Dentro de las trece películas que compiten en la sección Plataforma Mexicana, ya habíamos tenido la oportunidad de escribir acerca de títulos destacados como La Caridad (con su pareja adulta llena de rutinas insatisfactorias y fantasías sexuales que nunca llegan a consumarse), Mañana Psicotrópica (con su grupo de adolescentes desencantados acostumbrados a vivir lo efímero), Tempestad (y su tour aciago por una nación sitiada donde el miedo y la maldad lo barrenan todo), o El Paso (y sus periodistas inmersos en un periplo migratorio a causa del crimen organizado). Comentemos ahora brevemente sobre tres óperas primas que pudimos ver durante estos días playeros, los cuales, a pesar de sus narrativas particulares y sus géneros opuestos, se conectan al retratar microcosmos facilmente identificables, donde permea insistentemente el sentimiento de fracaso (tanto de los personajes, como del país mismo).

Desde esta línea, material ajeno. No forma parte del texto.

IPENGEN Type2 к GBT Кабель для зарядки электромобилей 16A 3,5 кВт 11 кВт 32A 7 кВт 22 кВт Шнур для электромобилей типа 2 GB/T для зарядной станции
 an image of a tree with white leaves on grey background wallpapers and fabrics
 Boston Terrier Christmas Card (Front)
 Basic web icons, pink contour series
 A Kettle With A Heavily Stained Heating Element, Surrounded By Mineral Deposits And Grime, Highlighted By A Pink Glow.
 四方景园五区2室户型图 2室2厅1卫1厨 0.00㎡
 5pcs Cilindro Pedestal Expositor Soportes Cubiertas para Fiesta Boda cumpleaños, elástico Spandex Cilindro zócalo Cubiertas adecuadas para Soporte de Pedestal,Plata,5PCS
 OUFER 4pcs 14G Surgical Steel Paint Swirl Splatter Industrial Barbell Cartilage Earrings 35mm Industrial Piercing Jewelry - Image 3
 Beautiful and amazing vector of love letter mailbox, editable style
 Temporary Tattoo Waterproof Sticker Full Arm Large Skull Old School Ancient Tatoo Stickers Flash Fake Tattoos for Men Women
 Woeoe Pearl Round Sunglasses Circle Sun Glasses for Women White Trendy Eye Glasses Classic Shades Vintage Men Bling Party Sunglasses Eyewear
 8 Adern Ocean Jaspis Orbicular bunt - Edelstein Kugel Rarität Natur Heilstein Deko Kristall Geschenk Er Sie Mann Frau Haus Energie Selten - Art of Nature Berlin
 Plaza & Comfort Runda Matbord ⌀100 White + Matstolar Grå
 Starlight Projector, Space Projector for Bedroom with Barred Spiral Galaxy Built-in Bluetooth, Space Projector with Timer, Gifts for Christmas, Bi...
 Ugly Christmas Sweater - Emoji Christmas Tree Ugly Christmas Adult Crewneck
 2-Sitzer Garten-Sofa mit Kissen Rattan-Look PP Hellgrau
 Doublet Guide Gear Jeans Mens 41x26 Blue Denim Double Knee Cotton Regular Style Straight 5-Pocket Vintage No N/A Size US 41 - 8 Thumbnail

Así, un hotel cochambroso y deprimente del otrora glamoroso Acapulco es en Semana Santa (de Alejandra Márquez Abella) el escenario idóneo para que tres personajes que pretenden ser familia –una mujer de mediana edad, su hijo de ocho años y la nueva pareja de ella–, exploten inminentemente en frustraciones, reclamos y patetismos, queriendo escapar de sí mismos, mientras transcurren unas vacaciones que se encuentran ya de por sí, más arriba de sus propias pretensiones. Sobresale en este buen debut, la manera en que la directora consigue capturar con fluidez y naturalidad lo incómodo de las situaciones (las distintas llamadas telefónicas que van revelando quiénes son en realidad estas personas, la borrachera lastimera en la alberca, las noches en el karaoke cutre, los gestos de infidelidad que terminan fatal…); ello en un drama que se sustenta en conductas (la vulgaridad rampante de ellao los signos machistas por parte de su novio).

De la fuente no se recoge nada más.